The mechanisms of itchy skin differ in furry and furry skin


These sections of the hind legs of the mouse allow Georgia Tech researchers to visualize the nerves in the skin. Credit: Christopher Moore, Georgia Tech

Chronic itchy skin leads more people to the dermatologist than any other condition. In fact, the latest scientific literature finds that 7% of adults in the United States and between 10 and 20% of people in developed countries suffer from dermatitis, an inflammatory condition of the common skin that causes itching.

“Itching is a major clinical problem, often caused by medical conditions underlying the skin, liver, or kidney.

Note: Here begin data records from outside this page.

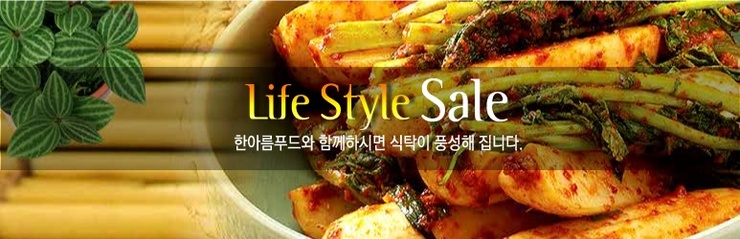 한아름푸드 이미지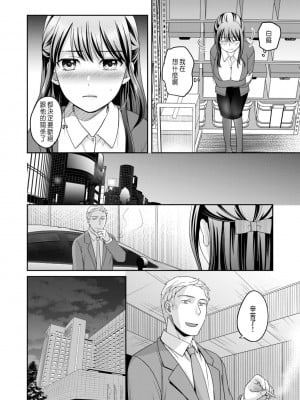 [めぎ] 親友に彼女が寝取られた話 2 [中国翻訳]_08
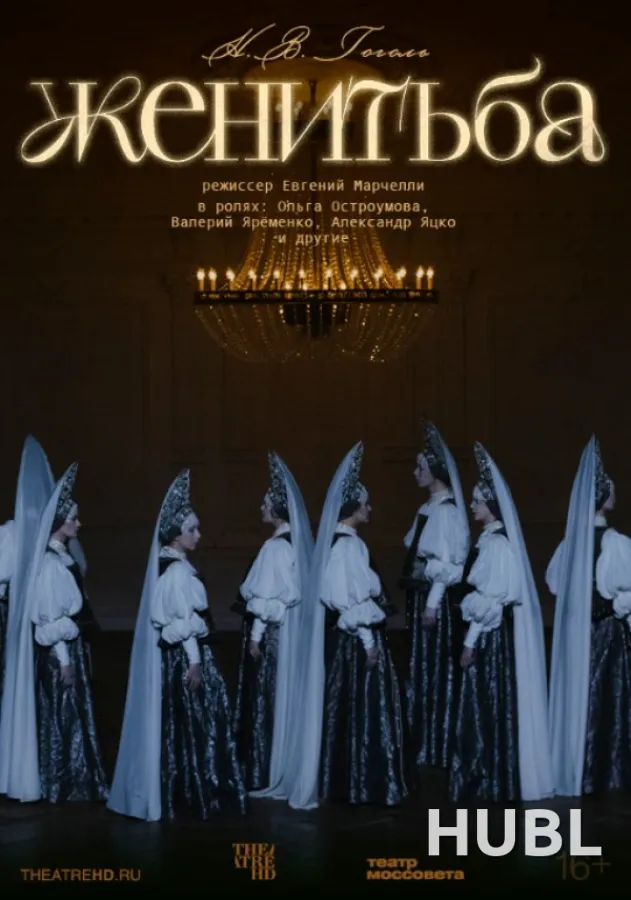 THEATREHD: ЖЕНИТЬБА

Due to our limited understanding of the mechanisms of itching, we do not have for most patients, ”said Liang Han, an assistant professor in the School of Biological Sciences at the Georgia Institute of Technology, who is also a researcher at the Parker H. Petit Institute for Bioengineering and Bioscience.

Until recently, neuroscientists considered the mechanisms of itchy skin to be the same. But Han and his research team recently discovered differences in itching in non-hairy versus hairy skin areas, opening up new areas for research.

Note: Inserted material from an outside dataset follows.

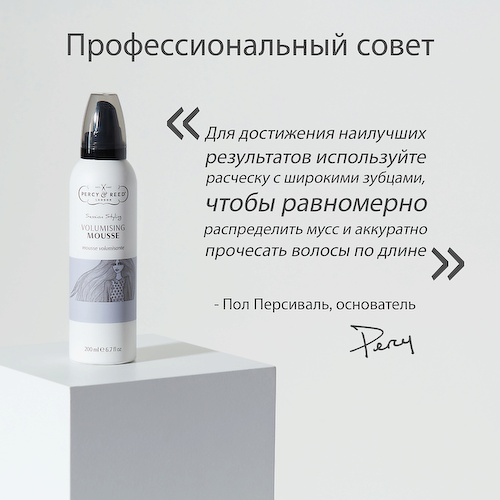 PERCY AND REED PERCY&REED Мусс для укладки волос Hair Care Session Styling 200 #1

His research, published April 13 in the journal PNAS (Proceedings of the National Academy of Sciences), could open new more effective treatments for patients suffering from persistent itching.

The origins of itching are more than deep skin

According to the researchers, there are two different types of nervous system stimuli that trigger the itching sensation through the skin’s sensory nerves: chemical and mechanical. In their study, Han and his team identified a specific population of neurons that controls itching in “glabrous” skin: the smoothest, hardest skin found on the soles of the hands and feet.

Itching in these areas poses a greater difficulty for patients and is surprisingly common. In the United States, it is estimated that there are 200,000 cases a year of dyshidrosis, a skin condition that causes the formation of itchy blisters only on the palm and plants. Another chronic skin condition, palmoplantar pustulosis (a type of psoriasis that causes inflamed, scaly skin and intense itching on palms and soles), affects up to 1.6 million people in the U.S. each year.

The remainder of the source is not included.